------ SOURCE RECORDS

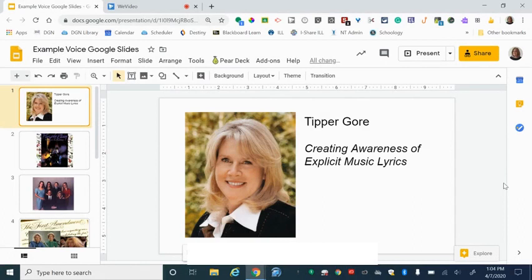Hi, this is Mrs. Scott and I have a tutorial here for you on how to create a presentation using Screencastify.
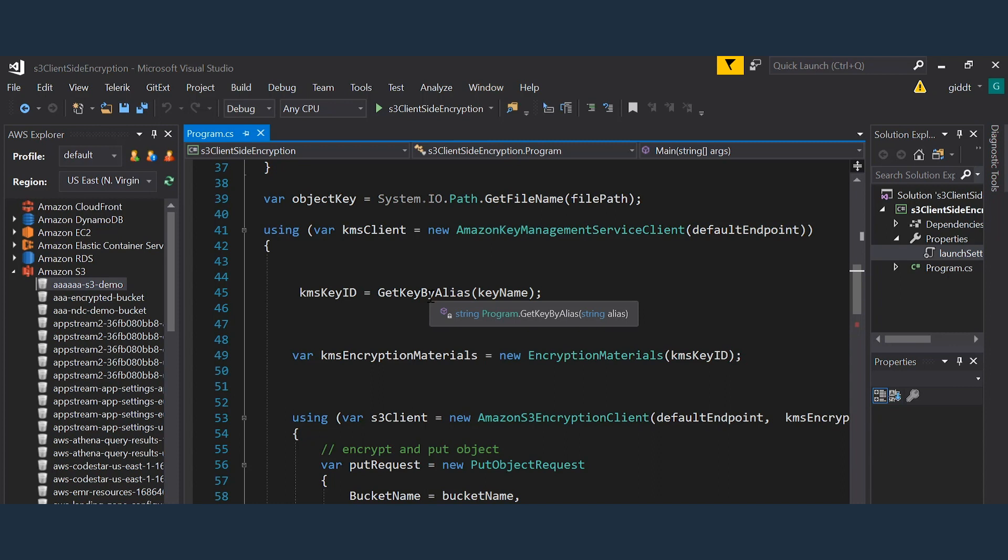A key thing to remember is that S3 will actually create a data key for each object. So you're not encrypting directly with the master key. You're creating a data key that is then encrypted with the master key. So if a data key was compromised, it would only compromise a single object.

------------
------ SOURCE RECORDS

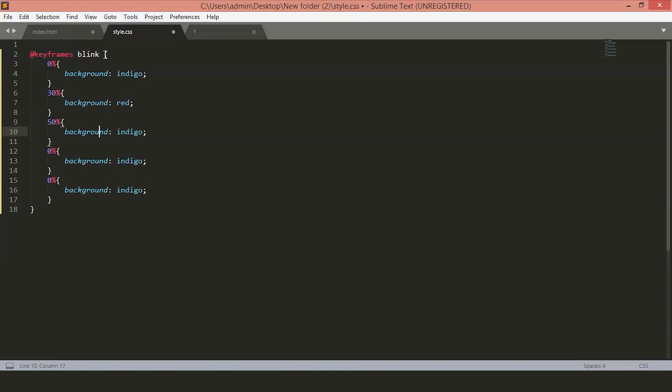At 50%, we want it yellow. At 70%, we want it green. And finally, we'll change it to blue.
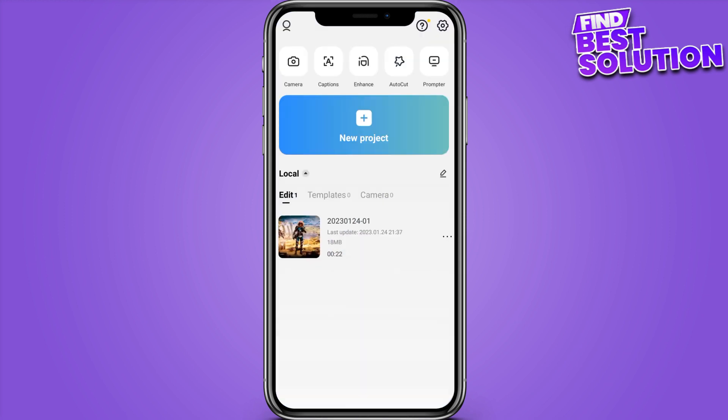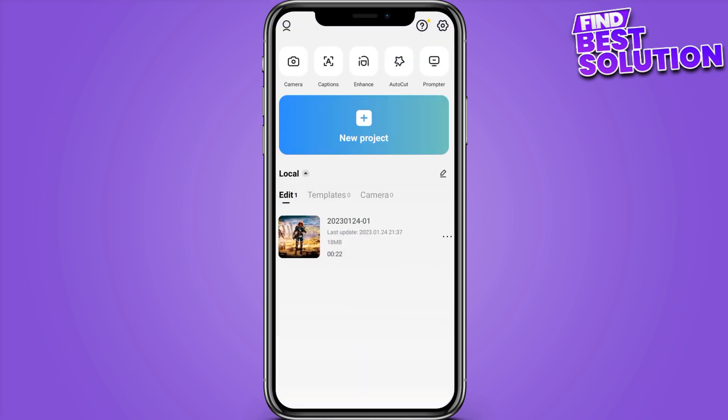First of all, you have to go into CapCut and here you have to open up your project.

------------

PROBLEM TO WORK ON: Using the data above, which lines fall from the one with "Hi, this is" through the one with "A key thing"? Repeat them exactly, ends included, minus any pictures.

SOLUTION TO THE PROBLEM:
Hi, this is Mrs. Scott and I have a tutorial here for you on how to create a presentation using Screencastify.
A key thing to remember is that S3 will actually create a data key for each object. So you're not encrypting directly with the master key. You're creating a data key that is then encrypted with the master key. So if a data key was compromised, it would only compromise a single object.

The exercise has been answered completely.